Julia Ross on Amino Acids, Mood, Cravings, and Attention: Practical Nutrition Ideas for ADHD Families
Host: Kate Brownfield, Certified Whole Person & ADHD Parent Coach
Guest: Julia Ross, bestselling author of The Mood Cure, The Diet Cure, and The Craving Cure; pioneer in nutrient-based therapies; director of a global virtual clinic and professional training.
Episode Overview
Kate sits down with mood and cravings expert Julia Ross to explore how targeted nutrients and protein-forward eating patterns may support mood stability, cravings, sleep, and attention, especially in ADHD families. Julia shares stories from decades of clinical work, why “context drives capacity” for brains under stress, and how simple nutrition shifts can complement (not replace) therapy and medication.
What We Cover
From psychotherapy to nutrients: why the addiction and mood field began testing amino acids alongside counseling.
Five key neurotransmitter systems and the amino acids commonly discussed to support them (education, not medical advice):
Tyrosine → focus/energy support
Tryptophan → serotonin/mood/sleep support
GABA → calming/“reduce extra adrenaline” support
Endorphin support → comfort, reduced “junk food only” pull
Glutamine → hypoglycemia/cravings support
Food first: why consistent animal-protein intake (plus balanced meals—“three squares”) may matter for mood and attention, and how ultra-processed foods complicate the picture.

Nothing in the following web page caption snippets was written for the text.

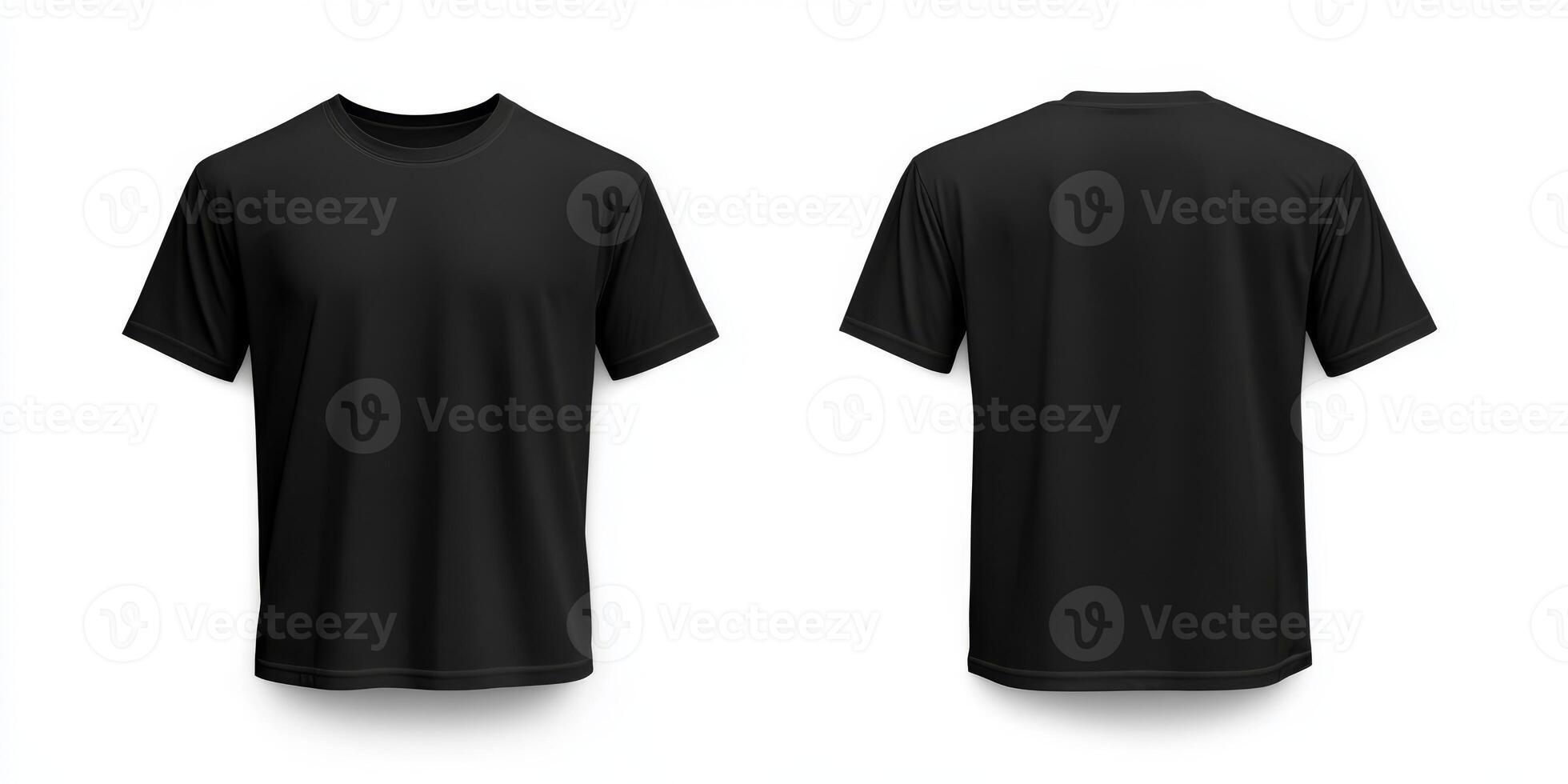 This highquality mockup template showcases a blank black tshirt, providing clear front and back views. It is perfect for effectively showcasing various prints and unique designs photo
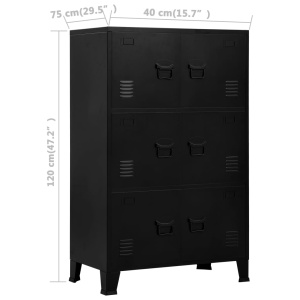 Fișet cu 6 uși, negru, 75 x 40 x 120 cm, oțel, industrial - Img 6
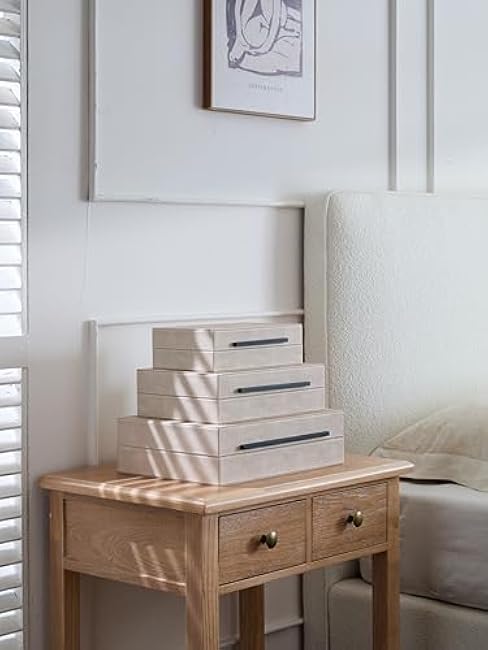 Ivory Shagreen Decorative Boxes with Lids Set of 3 - Large Leather Stacking Storage Boxes for Home Decor, Black Metal Handle Remote Control Box, Modern Jewelry Box for Shelves, Coffee Table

Practical tips with kids: creative ways to deliver supplements if a child won’t swallow capsules; previewing and monitoring effects; starting low and going slow.
Working with meds: how some families explore nutrients hours away from stimulant dosing and then collaborate with prescribers if they see benefits.
Screening tools & resources: Julia’s five-part symptom questionnaire, and an updated handbook for getting started.
Key Takeaways
Nutrition can be a complementary lever for improving mood, managing cravings, enhancing sleep, and improving attention, best used in conjunction with medical care, therapy, routines, and good sleep hygiene.
Protein at breakfast and steady meals helps prevent the “crash → crave” loop.
If you experiment with nutrients, track one change at a time, observe effects, and coordinate with your clinician, especially for kids, pregnancies, and anyone on medication.
What “works” is individualized; expect small trials + careful notes rather than a one-size-fits-all protocol.
Resources Mentioned
Books by Julia Ross: The Mood Cure, The Diet Cure, The Craving Cure
Website & questionnaire: JuliaRossCures.com
(Mentioned) James Greenblatt, MD — Finally Focused (nutrient psychiatry for ADHD)
Important Note
This episode is for educational purposes only and is not medical advice. Nutrients can interact with medications and conditions (including lithium, amino acids, melatonin, etc.). Consult your child’s clinician before starting, stopping, or combining any supplement or medication.